Problem simplifying v*dv/dt to get d/dt(V^2/2)

[JetteroHeller]

Homework Statement

we know dV/dt = a from the definition of acceleration
multiplying by sides by V, velocity yields
V dV/dt = aV
Left side can be reduced to d/dt(V^2/2)

so to be more clear, just looking at the left side
V dV/dt = d/dt( V^2/2)

I want to know what calculus topic that's addressed in, and how it works because I don't see it.

Homework Equations

The Attempt at a Solution

 

[Pengwuino]

It's just a chain rule. Let f(t) = v(t) and f'(t) = a(t). Then {d \over dt} {f(t)^2 \over 2} = f(t)f'(t)

All you're doing is assigning physical concepts (velocity, acceleration) to mathematical ideas (functions of a parameter, t)

 

[JetteroHeller]

Thank you very much pengwuino. I would never have thought of that.

 

[Xouthos]

I'm probably missing something obvious here. Can't find anything in the chain rule that explains this simplification. Can somebody elaborate this more?

 

[Muphrid]

You can explain it as either the chain rule or the product rule.

Chain rule: \frac{ds}{dt} = \frac{ds}{dv} \frac{dv}{dt}. Let s = v^2, which gives \frac{ds}{dt} = (2v)\frac{dv}{dt}.

Product rule: \frac{d}{dt} ab = \frac{da}{dt} b + a \frac{db}{dt}. Let a=b=v.

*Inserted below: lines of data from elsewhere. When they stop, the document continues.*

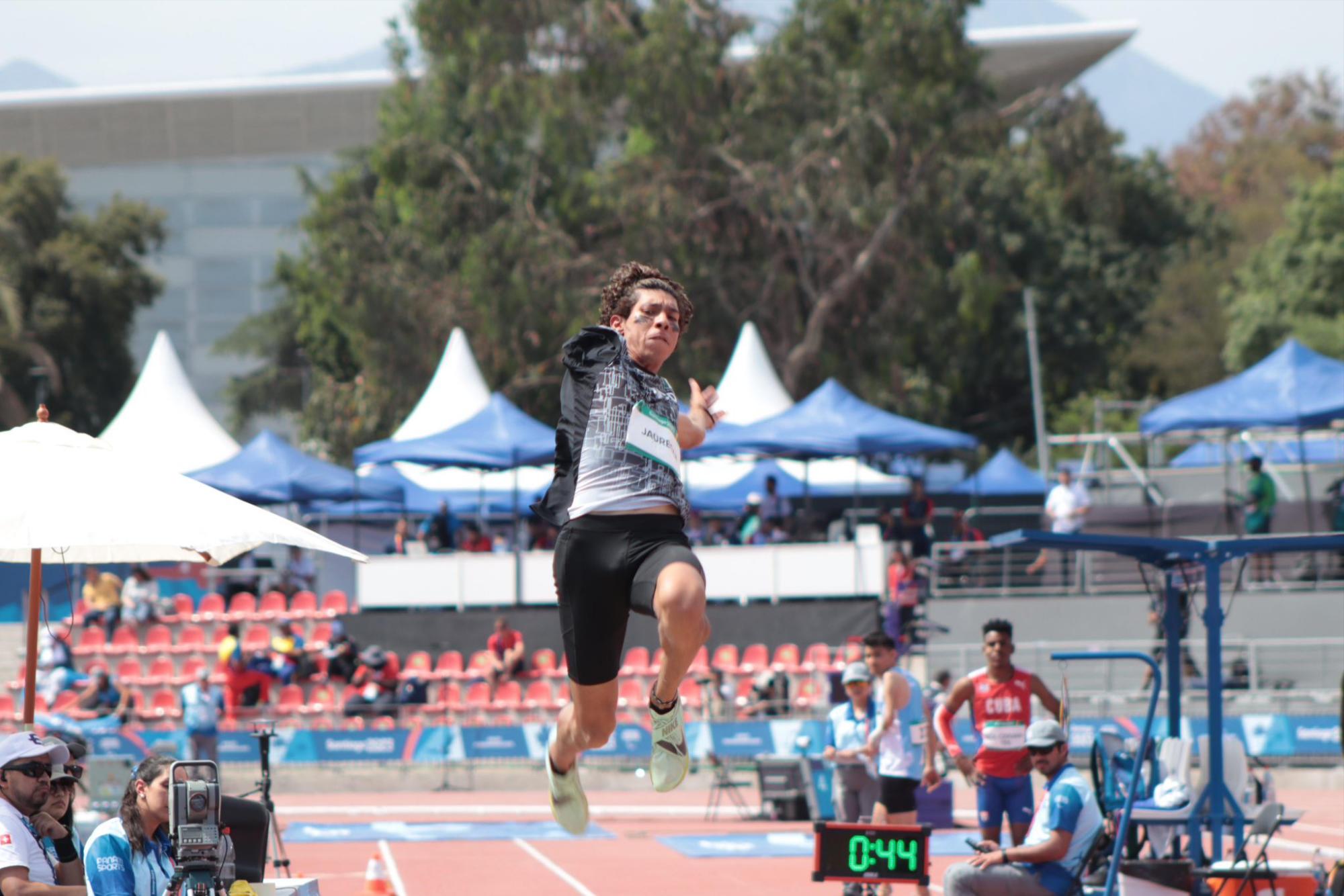 $!Sinaloense Jesús Jáuregui se queda a un paso del podio en los Parapanamericanos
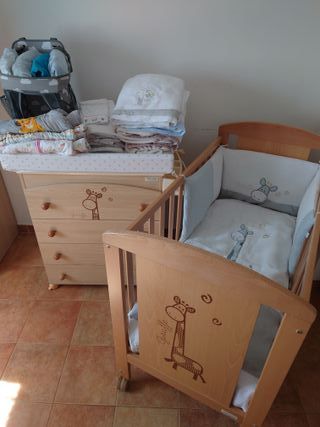 Conjunto Micuna con posibilidad de transporte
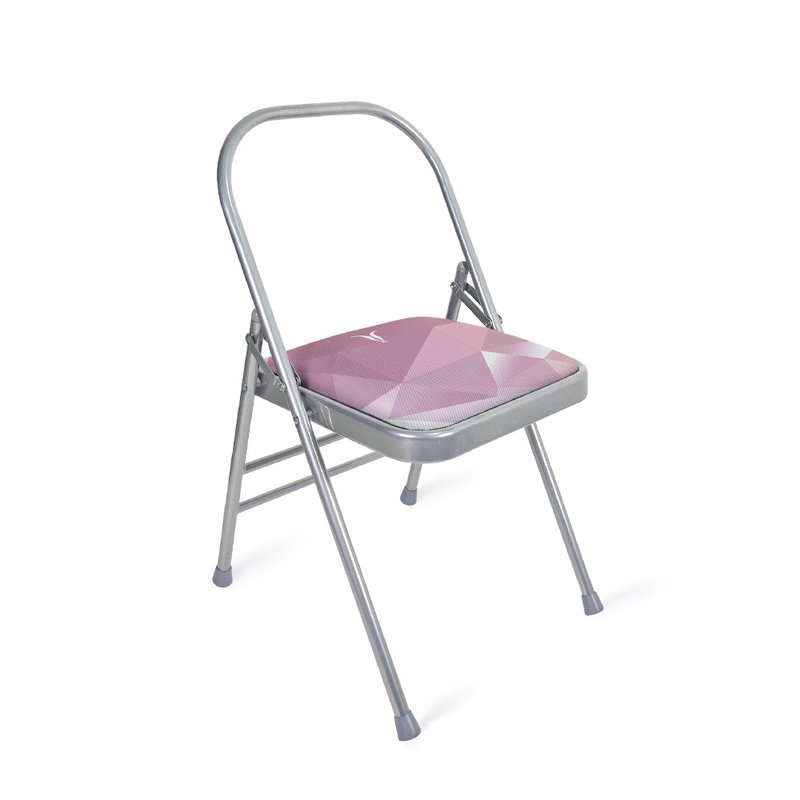 【NAMASTE】Isuey Yoga Chair - Peach - อุปกรณ์ฟิตเนส - วัสดุอื่นๆ สึชมพู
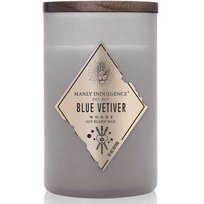Świeca zapachowa - Blue Vetiver (623g) - męska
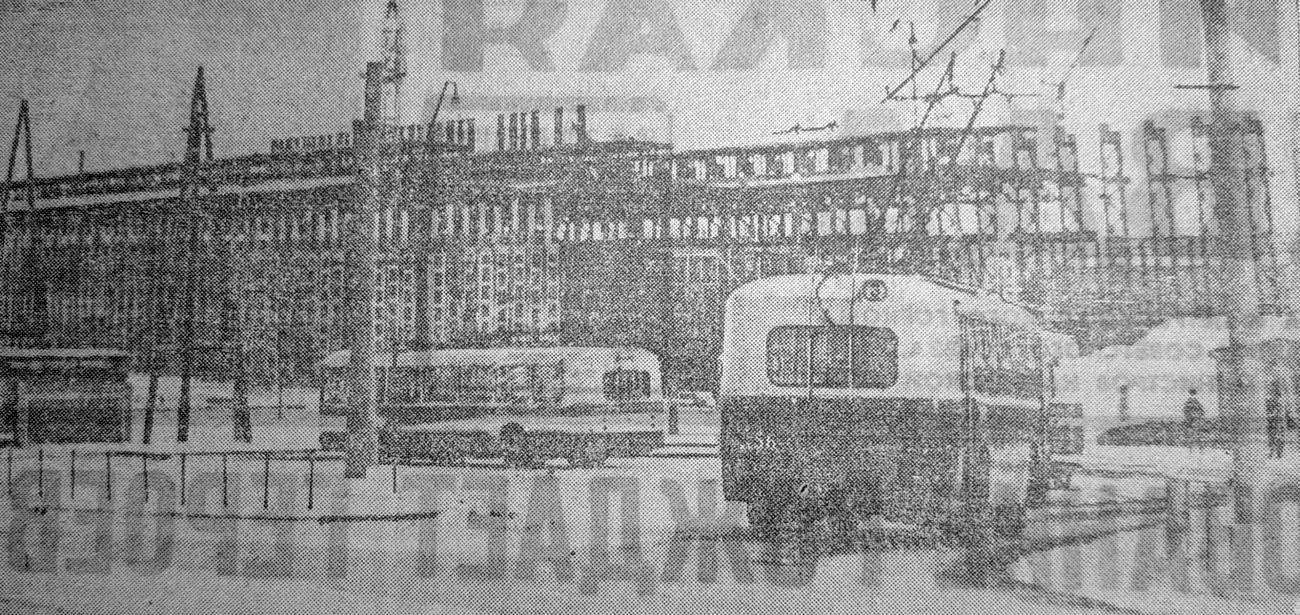 Петрозаводск, ЗиУ-5Г № 56; Петрозаводск — Исторические фотографии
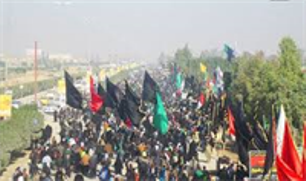 ارسال 150 تن محموله اهدایی مردم سیستان و بلوچستان به زائران پیاده اربعین حسینی(ع)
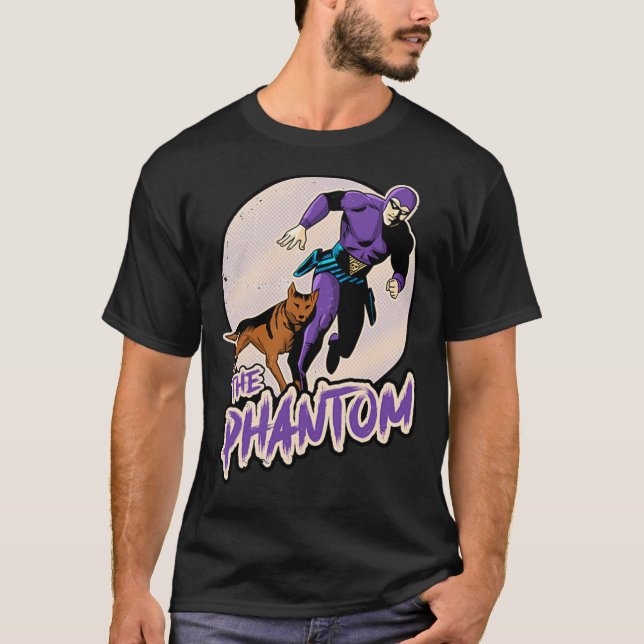 Der klassische Phantom-T - Shirt (Vorderseite)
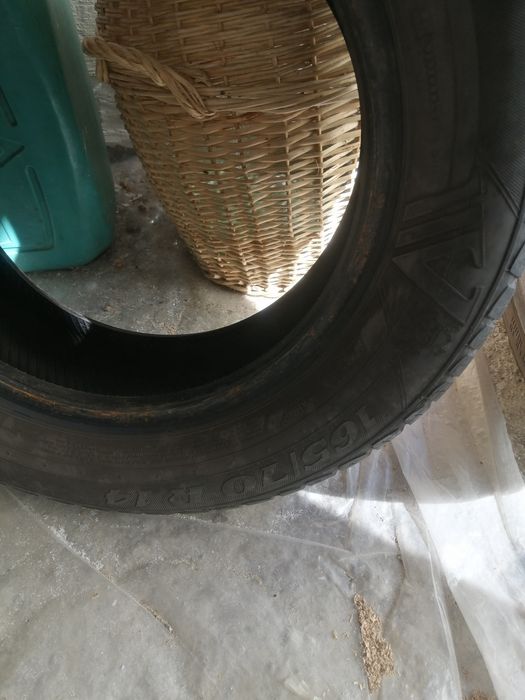 Летни гуми втора употреба, размер 165/70/14. Година 2008г.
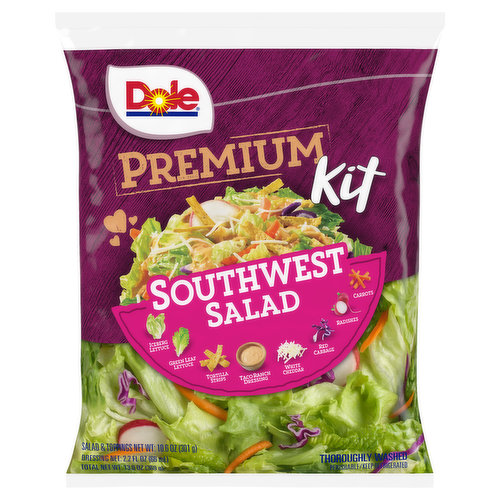 Dole Premium Kit, Southwest Salad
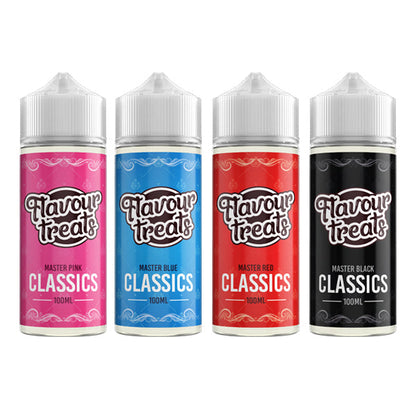 Flavour Treats Classics by Ohm Boy 100ml Shortfill 0mg (70VG/30PG) - ZERO VAPE STORE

In general, this technique of manipulating an expression to turn it into a derivative of something else is useful because you can often use that to write some kind of conservation law. In this case, dealing with \frac{d}{dt} \frac{v^2}{2} was probably leading up to invoking conservation of energy (only a factor of mass is missing).

 

[iromkingman]

could you also think of it as: since you added a v to the right you must make the left match by first taking the anti derivative of v>>>(1/2)v^2?